It’s never too early to think about retirement, says financial columnist Peter Sharkey.

The number of my friends and relatives who have either retired or announced plans to do so appears to have risen exponentially over the past 12 months.

Nowadays, lunchtime texts to pals suggesting a quick, after-work beer are likely to receive replies along the lines of: "Sorry, no. We're in Spain", or "Can't do Monday - we're off to the States".

Even a call to my own brother, during which I recommended meeting at a local pub to celebrate his forthcoming birthday, was met with an unusually prolonged silence. "I told you we were going away," he declared, mildly exasperated at my memory loss, "so let's do it when we get back." I have a vague recollection that he did tell me this, but you know how brothers can be...

All the same, either I've become the archetypal Billy No-Mates or the trend for Baby Boomers to turn their back to the grindstone and wind-down is gathering pace.

The early part of retirement is considered a golden period when people expect to enjoy the luxury of uninterrupted holidays, pursuing hobbies or entertaining friends and family, assuming they're not swanning off to Asia for three weeks, of course.

Granted, many retirees would say this picture is significantly rosier than real life. Yet for future generations, the gap between this idyllic scenario and reality is likely to be considerably wider, especially if the only source of post-retirement income is the state pension.

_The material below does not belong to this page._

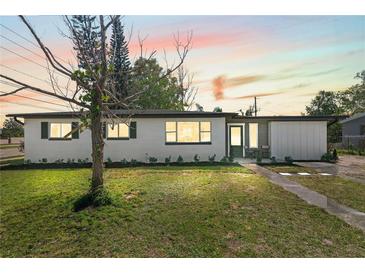 Charming single-story home featuring a well-maintained lawn and inviting curb appeal at 7416 Kadel Way, Orlando, FL 32822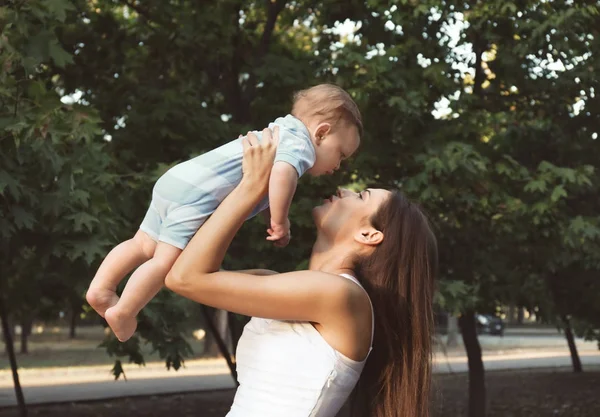 Bela jovem mãe segurando bonito bebê menino, ao ar livre — Fotografia de Stock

Millions of people do rely solely upon the state pension, forced to endure a frugal retirement devoid of luxuries and short breaks overseas. Despite this, a worryingly large number of younger folks are often complacent about saving for old age.

Yet they are the group best placed to build up large nest eggs by the end of their working lives thanks to one extremely valuable asset: time.

They should make the most of it because there's a very good chance that the age at which people become eligible to receive the state pension will continue to rise. Several reports have suggested that the age threshold should rise to 69 by 2039, while a document prepared for the pensions department suggested that anyone aged under 30 will have to wait until well beyond their 70th birthday before receiving a state pension.

Moreover, this assumes there'll be anything left in the state pension pot by then. According to a document published by the government's actuaries last year, the National Insurance fund, from which pensions are drawn, will run dry by 2033 unless taxes rise or huge sums of money are poured into the pot on a regular basis.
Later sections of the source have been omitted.